» **ACTIVITY**
Search the material for the string "Black", then return every line where it is found.
*** DATA FOR THIS EXERCISE ***
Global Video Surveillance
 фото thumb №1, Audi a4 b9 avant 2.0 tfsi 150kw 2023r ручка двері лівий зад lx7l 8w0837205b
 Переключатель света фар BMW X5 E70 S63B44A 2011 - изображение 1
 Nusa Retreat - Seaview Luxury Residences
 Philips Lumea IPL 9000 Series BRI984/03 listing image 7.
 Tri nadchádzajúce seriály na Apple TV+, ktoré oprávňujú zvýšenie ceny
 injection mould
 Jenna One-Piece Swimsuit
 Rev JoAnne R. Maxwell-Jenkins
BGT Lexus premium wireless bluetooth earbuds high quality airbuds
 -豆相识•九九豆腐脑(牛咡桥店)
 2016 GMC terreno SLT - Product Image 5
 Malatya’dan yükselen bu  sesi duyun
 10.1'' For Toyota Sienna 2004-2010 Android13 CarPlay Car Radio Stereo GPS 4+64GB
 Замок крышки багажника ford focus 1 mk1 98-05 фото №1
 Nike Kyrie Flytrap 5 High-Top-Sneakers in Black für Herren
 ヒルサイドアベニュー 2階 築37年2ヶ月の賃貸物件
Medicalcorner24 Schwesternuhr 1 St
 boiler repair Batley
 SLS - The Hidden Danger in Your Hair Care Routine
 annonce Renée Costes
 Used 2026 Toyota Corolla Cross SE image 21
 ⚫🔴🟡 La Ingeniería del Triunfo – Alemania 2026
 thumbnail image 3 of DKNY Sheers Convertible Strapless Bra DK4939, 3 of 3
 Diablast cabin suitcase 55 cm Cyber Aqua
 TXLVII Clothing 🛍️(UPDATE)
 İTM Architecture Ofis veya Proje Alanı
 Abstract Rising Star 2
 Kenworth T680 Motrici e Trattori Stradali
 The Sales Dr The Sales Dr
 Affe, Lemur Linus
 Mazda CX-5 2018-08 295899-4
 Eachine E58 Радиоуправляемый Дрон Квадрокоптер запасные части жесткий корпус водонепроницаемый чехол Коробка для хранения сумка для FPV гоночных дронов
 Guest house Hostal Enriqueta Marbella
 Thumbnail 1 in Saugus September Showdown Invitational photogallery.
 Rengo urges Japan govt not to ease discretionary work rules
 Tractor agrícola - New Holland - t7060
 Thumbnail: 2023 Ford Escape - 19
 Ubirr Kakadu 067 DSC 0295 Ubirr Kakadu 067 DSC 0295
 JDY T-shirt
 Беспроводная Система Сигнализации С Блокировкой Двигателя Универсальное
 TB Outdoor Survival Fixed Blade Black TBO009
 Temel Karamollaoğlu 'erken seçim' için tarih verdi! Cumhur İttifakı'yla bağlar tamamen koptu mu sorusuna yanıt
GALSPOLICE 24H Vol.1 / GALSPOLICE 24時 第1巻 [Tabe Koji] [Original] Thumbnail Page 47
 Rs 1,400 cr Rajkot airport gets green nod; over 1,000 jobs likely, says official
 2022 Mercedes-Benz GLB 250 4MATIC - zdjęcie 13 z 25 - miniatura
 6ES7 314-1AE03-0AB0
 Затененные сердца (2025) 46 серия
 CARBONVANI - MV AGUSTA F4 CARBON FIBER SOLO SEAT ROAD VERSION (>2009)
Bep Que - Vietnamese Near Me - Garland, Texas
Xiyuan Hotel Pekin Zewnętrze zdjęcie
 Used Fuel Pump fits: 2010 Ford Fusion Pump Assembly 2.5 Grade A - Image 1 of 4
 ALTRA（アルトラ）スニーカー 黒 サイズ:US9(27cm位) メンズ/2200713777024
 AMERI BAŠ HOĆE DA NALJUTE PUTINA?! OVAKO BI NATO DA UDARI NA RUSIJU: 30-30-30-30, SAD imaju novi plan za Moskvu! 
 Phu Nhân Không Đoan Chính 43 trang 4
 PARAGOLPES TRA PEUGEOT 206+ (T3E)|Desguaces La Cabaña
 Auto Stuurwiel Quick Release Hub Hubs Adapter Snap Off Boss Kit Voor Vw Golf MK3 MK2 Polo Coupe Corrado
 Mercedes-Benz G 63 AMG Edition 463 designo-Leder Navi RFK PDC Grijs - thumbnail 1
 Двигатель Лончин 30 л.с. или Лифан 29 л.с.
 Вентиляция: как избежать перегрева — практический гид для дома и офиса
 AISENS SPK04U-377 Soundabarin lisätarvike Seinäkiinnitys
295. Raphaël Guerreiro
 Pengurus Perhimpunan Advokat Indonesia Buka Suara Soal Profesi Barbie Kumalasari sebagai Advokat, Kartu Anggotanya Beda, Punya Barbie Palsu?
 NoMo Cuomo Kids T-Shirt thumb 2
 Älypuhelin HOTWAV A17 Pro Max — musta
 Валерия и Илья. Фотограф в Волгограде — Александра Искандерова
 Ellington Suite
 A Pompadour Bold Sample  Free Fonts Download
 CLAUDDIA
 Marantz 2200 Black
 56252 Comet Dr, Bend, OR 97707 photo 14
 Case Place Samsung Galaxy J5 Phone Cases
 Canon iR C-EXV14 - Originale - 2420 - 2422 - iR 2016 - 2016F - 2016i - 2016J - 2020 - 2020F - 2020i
*** End of DATA FOR THIS EXERCISE ***
» **RESPONSE BOX**
 Nike Kyrie Flytrap 5 High-Top-Sneakers in Black für Herren
 TB Outdoor Survival Fixed Blade Black TBO009
 Marantz 2200 Black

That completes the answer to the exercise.